Belo post o seu e ainda melhor (sem ofensa ) texto de António José Saraiva.
Cumprimentos
Miguel Cardina: Texto interessante e com swing. Mas, se me permite, penso que concilia e "lima" muito o marxismo autoritário de António José Saraiva nos anos 60.Do meu singelo ponto de vista, AJ Saraiva - como Mário Sacramento,Jofre do Amaral Nogueira, Ilidio Sardoeira, breve, os amigos do círculo de Óscar Lopes e Armando de Castro no Porto-era um puro e duro jdanovista que " policiava " o Neo-Realismo e combatia por todos os meios os Surrealistas e os Presencistas da Segunda Geração, e experiências tão radicais e de teor dissidente como as de Vergílio Ferreira e Eduardo Lourenço, por exemplo.Depois de Maio 68, António José Saraiva deixou, liminarmente, de perceber o que é que alterou na
fenomenologia da teoria e da acção revolucionária.

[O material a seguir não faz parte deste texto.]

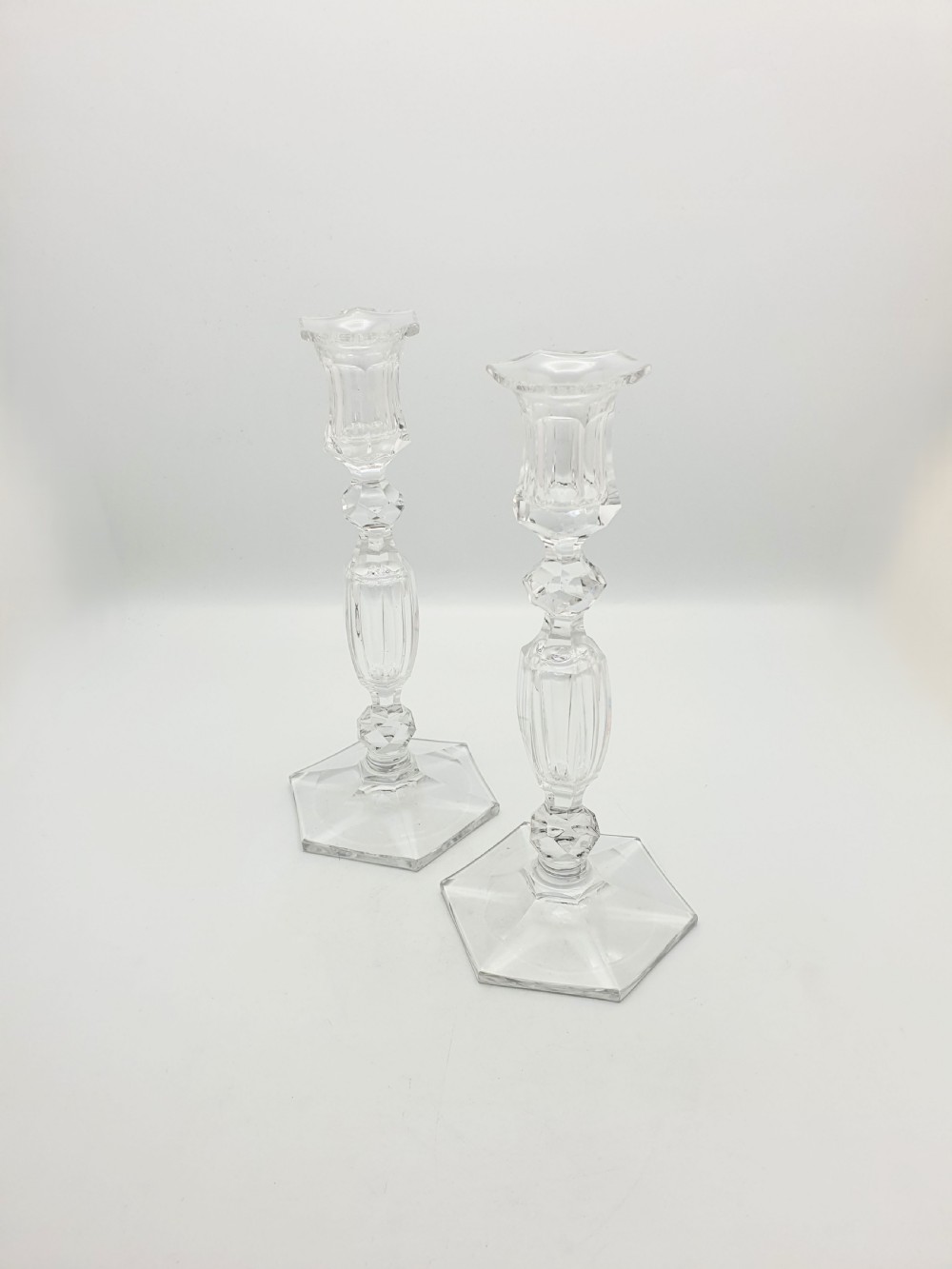 Gorgeous Pair of Antique Clear Cut Crystal Candlesticks  – circa 1920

O livro-" Maio 68, a Crise..." é um fiasco imenso, à cotê de la plaque !. Niet
Obrigado, António. Qual ofensa qual quê, o meu texto era só um pretexto para meter aqui a crónica do A.J.Saraiva. Um abraço,
Há coisas com que às vezes vale a pena perder o nosso tempo. Dá um imenso prazer ler este texto do Saraiva. Recordo a minha mãe que me corrigia sempre que eu dizia "pá".